About the common variance. This is a mean of squares minus a square of mean. Then you should recreate the sums of squares. For example $\sigma_1^2+\mu_1^2$ is the mean of squares of the 1st population. Then you have also the sum of squares. Next, in this simple manner you have the joint sum of squares. Then their averge is easy to find by division by $m_1+\dots+m_n.$ Finally, subtract $\mu^2$ and we are done. :)

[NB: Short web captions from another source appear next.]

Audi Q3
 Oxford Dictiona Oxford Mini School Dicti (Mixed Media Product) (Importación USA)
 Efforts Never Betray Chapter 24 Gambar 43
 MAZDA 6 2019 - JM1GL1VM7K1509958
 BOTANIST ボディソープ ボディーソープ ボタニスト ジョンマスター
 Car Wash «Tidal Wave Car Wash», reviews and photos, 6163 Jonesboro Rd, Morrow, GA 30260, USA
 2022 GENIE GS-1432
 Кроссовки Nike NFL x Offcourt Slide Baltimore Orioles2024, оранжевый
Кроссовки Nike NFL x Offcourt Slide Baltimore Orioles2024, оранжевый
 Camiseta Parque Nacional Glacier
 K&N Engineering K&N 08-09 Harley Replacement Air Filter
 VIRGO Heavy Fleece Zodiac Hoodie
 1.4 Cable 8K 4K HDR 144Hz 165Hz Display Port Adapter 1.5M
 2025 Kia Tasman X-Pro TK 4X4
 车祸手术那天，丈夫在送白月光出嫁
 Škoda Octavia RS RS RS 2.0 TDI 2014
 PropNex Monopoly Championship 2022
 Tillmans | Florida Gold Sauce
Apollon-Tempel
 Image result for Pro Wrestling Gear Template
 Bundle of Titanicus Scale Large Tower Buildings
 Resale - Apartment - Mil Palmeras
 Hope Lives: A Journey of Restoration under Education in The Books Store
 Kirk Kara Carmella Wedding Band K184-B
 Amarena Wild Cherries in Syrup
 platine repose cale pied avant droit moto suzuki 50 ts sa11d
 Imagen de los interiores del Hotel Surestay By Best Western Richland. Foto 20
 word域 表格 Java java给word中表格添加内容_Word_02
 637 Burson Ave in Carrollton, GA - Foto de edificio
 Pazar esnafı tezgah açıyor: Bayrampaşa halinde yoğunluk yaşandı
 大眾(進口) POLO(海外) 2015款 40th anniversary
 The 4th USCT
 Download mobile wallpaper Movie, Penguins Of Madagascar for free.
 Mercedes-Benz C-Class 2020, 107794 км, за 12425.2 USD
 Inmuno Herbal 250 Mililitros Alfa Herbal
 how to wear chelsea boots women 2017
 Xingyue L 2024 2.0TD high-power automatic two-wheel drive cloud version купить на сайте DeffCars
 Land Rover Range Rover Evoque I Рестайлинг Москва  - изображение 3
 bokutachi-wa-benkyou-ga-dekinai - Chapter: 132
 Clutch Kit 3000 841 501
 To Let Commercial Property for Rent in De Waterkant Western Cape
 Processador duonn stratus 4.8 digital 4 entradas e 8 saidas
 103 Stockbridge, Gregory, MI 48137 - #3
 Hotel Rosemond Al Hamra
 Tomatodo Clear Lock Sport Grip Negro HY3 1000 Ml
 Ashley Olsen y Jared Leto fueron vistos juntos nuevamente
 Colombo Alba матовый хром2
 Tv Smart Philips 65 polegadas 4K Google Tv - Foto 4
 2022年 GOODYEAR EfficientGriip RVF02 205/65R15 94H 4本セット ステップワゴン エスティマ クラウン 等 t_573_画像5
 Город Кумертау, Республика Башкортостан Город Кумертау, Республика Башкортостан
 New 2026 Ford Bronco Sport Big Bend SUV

If $m_1=\dots=m_n=m$ (you write about the same experiment), then $$\mu=\frac{\mu_1+\dots+\mu_n}{n}.$$ The sum of squares in $i$-th experiment is $m(\sigma_i^2+\mu_i^2)$. Hence the total variance is $$\sigma^2=\frac{m(\sigma_1^2+\mu_1^2+\dots+\sigma_n^2+\mu_n^2)}{nm}-\mu^2=\frac{(\sigma_1^2+\mu_1^2+\dots+\sigma_n^2+\mu_n^2)}{n}-\mu^2.$$

About the (edited) last fragment of your question, the mean of $Z$ is $$\mu=\frac{\mu_1+\dots+\mu_n}{n},$$ while the standard deviation is $$\sigma=\sqrt{\frac{\sigma_1^2+\dots+\sigma_n^2}{n}}$$ provided that $X_1,\dots,X_n$ are independent.

Answer 2

Lemma:

$$\int_{-\infty}^\infty e^{-(ax^2-2bx+c)/2}dx=\frac{\sqrt{2\pi}e^{(b^2-ac)/2a}}{\sqrt a}.$$

This is established by completing the square, and the exponent becomes

$$-a\left(x-\frac ba\right)^2+\frac{b^2}a-c.$$

The first term generates the a Gaussian curve, the integral of which is known, and the second a constant factor.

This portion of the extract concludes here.